Documentaire sur Arte à 22 h 45

Hannah Arendt Du devoir de la désobéissance civile
Durée : 01:29:58

Diffusé après le portrait hommage de Margarethe von Trotta à Hannah Arendt (1906-1975), le documentaire d’Ada Ushpiz veut montrer la permanence de la pensée de celle-ci dans la société contemporaine, en Egypte et en Ukraine notamment. Un parti pris intéressant, même si sa pertinence n’est pas toujours évidente.
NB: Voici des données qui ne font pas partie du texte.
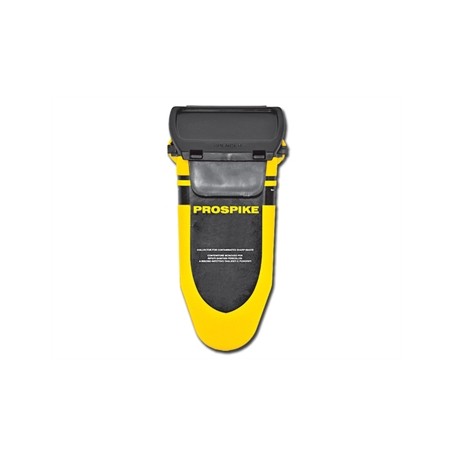 GIMA 27149 cestino per rifiuti Ovale Plastica Nero, Giallo (27149)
Ada Ushpiz veut aussi donner la parole à Hannah Arendt et évoquer des moments importants de sa vie – la montée du nazisme en Allemagne, l’exil, sa relation avec Martin Heidegger, qui fut son professeur, le procès Eichmann…
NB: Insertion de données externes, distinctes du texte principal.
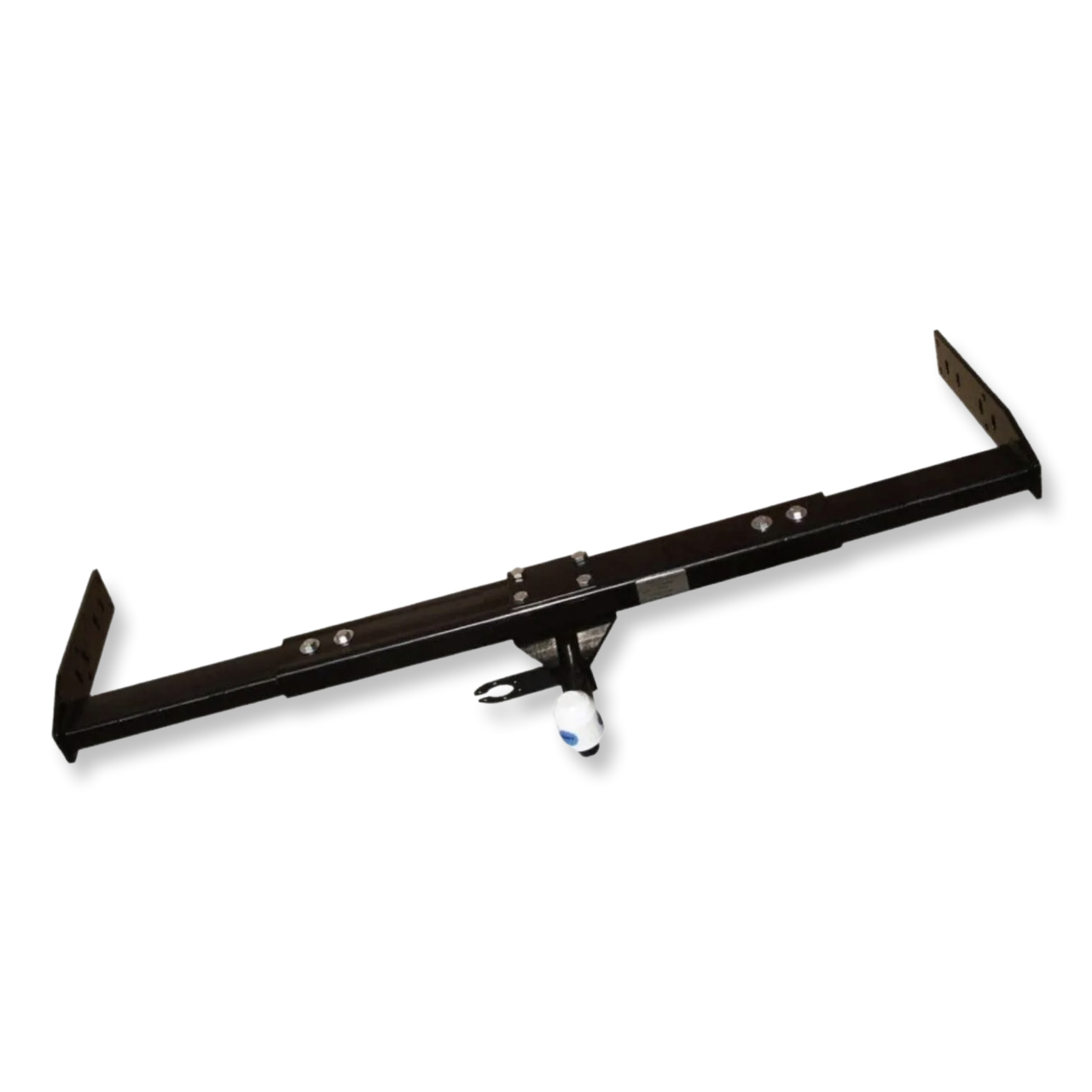 Anhängerkupplung an ALKO Tiefrahmen Chassis Italia Camper 24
Mais le long entretien en allemand avec Hannah Arendt, qui revient sur ses engagements, est trop découpé. On l’interroge d’abord sur la polémique suscitée par son livre Eichmann à Jérusalem et son concept de « banalité du mal ». Son visage est marqué, mais dès qu’elle argumente, s’anime, on retrouve son charme. « Si l’on juge qu’il faut absolument entrer dans le pathos pour écrire sur cette question… Je vais le dire autrement, je ne veux pas être agressive. Eichmann était très intelligent, mais avait une forme de bêtise, et c’est cette bêtise qui est scandaleuse. Quand je parle de “banalité du mal”, je n’ai jamais voulu dire qu’un Eichmann sommeillait en chacun de nous, ou je ne sais quelle autre bêtise. »

Les faits face à l’idéologie

Sarah Rifky, intellectuelle et militante égyptienne, explique qu’au moment de rejoindre les manifestations de la place Tahrir, elle a « ressenti le besoin de relire Arendt ». « C’est un peu cliché, mais ça m’a aidée à construire ma réflexion sur les événements. » Tous les militants qu’on entend dans ce film se rallient, même s’ils ne la prononcent pas, à cette phrase d’Arendt : « Mon métier, c’est la théorie politique. Je veux comprendre. » L’Israélien Dror Etkes, de l’ONG Kerem Navot, hostile aux colons israéliens, constate que « les faits ne comptent plus face à l’idéologie ». Pour l’écrivain ukrainien Yuri Andrukhovych, « Hannah Arendt a remarquablement défini la nature des régimes apparemment puissants » – on entend à plusieurs reprises dans le film des extraits de son livre Les Origines du totalitarisme. « Mais il existe désormais un néototalitarisme dont elle n’a pas fait l’expérience, ajoute-t-il. Il n’y avait ni Internet ni les réseaux sociaux. Elle décrit un totalitarisme classique. »

V in 1966. Portrait by photographer Fred Stein (1909-1967) who emigrated 1933 from Nazi Germany to France and finally to the USA.En 1966 | Fred Stein /AFP

Tout en allant à Hongkong et au Canada pour rendre compte des bouleversements sociaux, des manifestations contre l’austérité que, peut-être, « Hannah Arendt aurait jugées comme un signe d’aliénation à la société », selon le Canadien Benjamin Pillet, Ada Ushpiz souhaite retracer le parcours personnel d’Hannah Arendt. Et c’est là que le film est faible. On voudrait en savoir plus sur son lien à Karl Jaspers (1883-1969), dont Jerome Kohn, qui fut l’assistant d’Arendt et qui dirige le ­Centre Hannah-Arendt de New York, dit : « Jaspers avait pris la place de son père, mort très jeune. »

Quant à sa relation « intime » avec Martin Heidegger (1889-1976), « qui a persisté pendant toute l’existence d’Hannah Arendt », on ne peut se contenter du propos d’Emmanuel Faye, auteur de plusieurs livres contre Heidegger : « Le fond de la doctrine heide­gerienne est nazie et il n’est phi­losophe qu’en apparence. » Ni de la réponse de Jerome Kohn : « Elle ne pensait pas qu’Heidegger était un homme mauvais. » « A la fin de sa vie, elle paraissait très seule », conclut Kohn. En exil définitif. Ce qui a mené Hannah Arendt là apparaît dans le film, mais de manière trop allusive.

Hannah Arendt. Du devoir de la désobéissance civile, d’Ada Ushpiz (All., 2015, 90 min).